What was a typical day in your summer program?
One of the perks of this program was the fact that it didn’t start very early in the morning. This meant I had plenty of time to get a good amount of rest, complete household chores, and prep my class notes all before the program started. By the time class began, I was alert and ready to delve into the next subject.
A break followed the first half of class, of which I would take to finish my notes, use the restroom, and say hello to my parents. Class time consisted of lecture and colony time. The latter was used for coding exercises throughout the lecture, as well as discussion time. These team sessions allowed us to gain a better understanding of the material while giving us an active break from listening to the lecture.
What was the most memorable moment of your summer?

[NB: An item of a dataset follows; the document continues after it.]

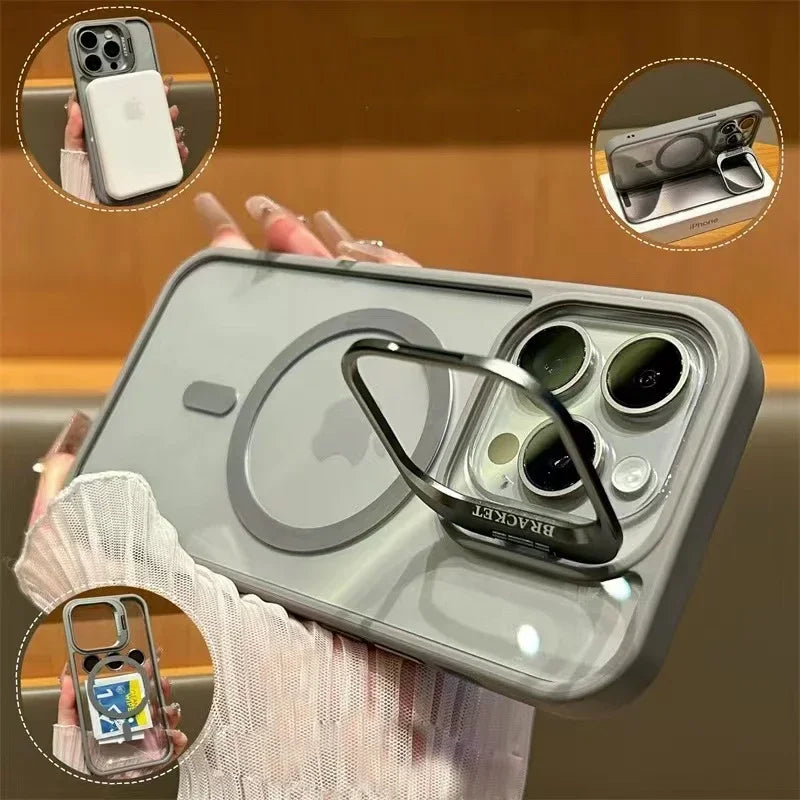 Luxury Magnetic Shockproof Phone Case for iPhone 16/15/14/13/12/11/17 Pro Max with Stand and Glass Lens Case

The most memorable moment of my summer was attending a Pre-College program event called Juneteenth Revisited: ‘July 4th didn’t set me free; Juneteenth is my Independence Day.’ Hosted by the Executive Director of the Center for Student Diversity and Inclusion at Carnegie Mellon University, M. Sherrell Smith, presenters explained Juneteenth and its importance. I had never had such a riveting and cathartic discussion about Juneteenth before this program. Being African American, I appreciated the time and effort that went into this presentation.
What advice do you have for teens looking at summer programs?
I would advise you to stay curious. If you don’t know what you want to study in college or do with your career, these pre-college summer programs are here to help explore your interests. I’d never thought I would learn about coding, but here I was: learning about computational methods of data analysis and having fun while doing so!